ANAYASAL KURUM OLARAK ÜNİVERSİTELER
Üniversitenin temel işlevi; bilimsel bilgiyi üretmek, bu bilgiyi üretecek ve uygulayacak insanları yetiştirmek ve üretilen bilgiyi toplumla paylaşmaktır. Bu işlevleri yerine getirmek için araştırma yapılması, yayımda bulunulması, uygulama gerçekleştirilmesi nedeni ile, kamusal hizmet olarak düşünülmeyi gerektirir.
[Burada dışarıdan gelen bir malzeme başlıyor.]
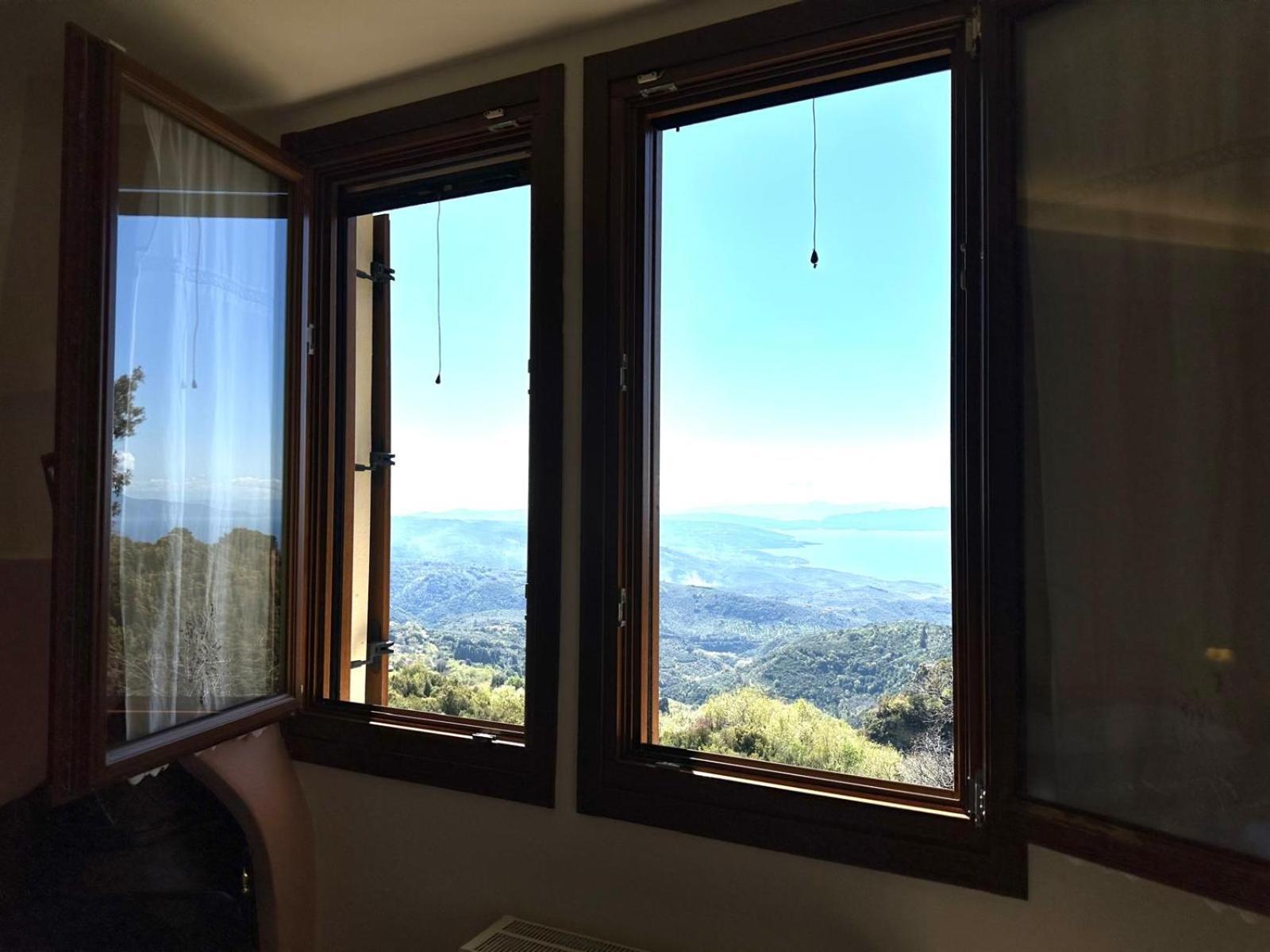 Rastoni Pelion Hotell Vyzitsa Exteriör bild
Eğitim, öğretim ve araştırma hakkının yaşama geçebilmesi, ancak akademik özgürlüğün ve üniversite özerkliğinin bulunduğu bir ortamda tam olarak kullanılabilir. Akademik özgürlük; bilim insanlarının var olan egemen öğretiyle kendini bağlı duyumsamadan, öğretim ve tartışma özgürlüğünü, araştırma yapma, bunun sonuçlarını yayma ve yayımlama özgürlüğünü ve profesyonel ya da temsili akademik organlara katılma özgürlüğünü içerir. Bu özgürlük, yalnızca öğretim kadrosu için, yanı sıra öğrenci ve araştırıcıları içermelidir. Akademik özgürlük bireysel bir haktır. Ve gerçek üniversite bu hakkın bağsız, koşulsuz olması ile mümkündür. Özerklik ise kurumsal bir yetki olup, üniversitelerin akademik çalışmaları, işleyiş kuralları, yönetimleri ve öteki çalışmaları bakımından kendi istençleri ile oluşturdukları organları eliyle kendi kendilerini yönetmeleridir.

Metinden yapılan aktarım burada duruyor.